-1

I would like to use Microsoft Word (on a PC specifically) to open, edit, and then save again a plaintext file in UTF-8 format, but without adding the BOM character sequence to the beginning.

Let's just go ahead and assume that I'm asking in regard to any version of Word after, say, Word 2010.

I see no option in the Save As dialog to do this, nor anywhere else that I can see.

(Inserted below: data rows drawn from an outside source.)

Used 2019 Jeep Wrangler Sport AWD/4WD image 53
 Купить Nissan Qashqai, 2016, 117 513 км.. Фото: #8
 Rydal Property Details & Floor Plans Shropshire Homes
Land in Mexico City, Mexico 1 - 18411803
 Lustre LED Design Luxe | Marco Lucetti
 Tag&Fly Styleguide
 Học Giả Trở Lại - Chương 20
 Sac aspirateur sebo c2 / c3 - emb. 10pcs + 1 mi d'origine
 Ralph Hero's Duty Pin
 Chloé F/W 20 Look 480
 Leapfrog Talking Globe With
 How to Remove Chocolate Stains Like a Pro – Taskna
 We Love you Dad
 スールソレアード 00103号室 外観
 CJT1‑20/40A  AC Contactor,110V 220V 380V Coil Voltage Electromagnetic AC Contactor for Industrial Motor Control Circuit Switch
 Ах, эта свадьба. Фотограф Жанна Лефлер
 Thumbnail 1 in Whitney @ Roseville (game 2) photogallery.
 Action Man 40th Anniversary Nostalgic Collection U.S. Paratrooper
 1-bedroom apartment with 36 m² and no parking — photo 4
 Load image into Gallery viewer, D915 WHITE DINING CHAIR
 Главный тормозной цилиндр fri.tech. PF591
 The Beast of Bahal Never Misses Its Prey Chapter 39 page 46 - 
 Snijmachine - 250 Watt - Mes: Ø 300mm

I can see this question asked any number of times about other programs, but I don't see anything specific to Word.

psoft
  • 263
  • 2
  • 9
  • What version of Word? Please EDIT this question to add that information. – music2myear Apr 05 '19 at 21:50
  • http://knowledgebase.abercap.com/index.php?/article/AA-00279/0/Saving-a-Word-Doc-in-Plain-Text-with-UTF-8.html – music2myear Apr 05 '19 at 21:55
  • That pretty webpage doesn't mention the BOM now does it? – psoft Apr 05 '19 at 21:59
  • No, but it goes through the options that may be in the Save menu that could assist. It is a suggestion of possible information that might be beneficial to you. It was provided in good faith in an effort to help you. Replying in scorn will not tend to attract others with suggestions or information and is not particularly professional. – music2myear Apr 05 '19 at 23:31
  • 1
    Also, am I correct to assume that by "PC" you mean a Windows computer? Looking through your other questions I noticed a lot of Apple content and wanted to be sure. – music2myear Apr 05 '19 at 23:33
  • What's wrong with using "PC"? It's no better or worse than "Wintel". Why don't you like me? – psoft Apr 12 '19 at 18:49
  • Because an Apple computer is a "PC" too. You are the eyes, ears, and fingers of this solution. We only know what you've observed and told us. Knowing the OS you're working with helps us better understand the problem and get you a better answer. – music2myear Apr 12 '19 at 21:44
  • https://www.youtube.com/watch?v=0eEG5LVXdKo – psoft Apr 13 '19 at 18:50

1 Answers1

1

You can't do that directly in Word, because without the BOM there's no way to make sure that the file is encoded in UTF-8. Remember There Ain’t No Such Thing As Plain Text.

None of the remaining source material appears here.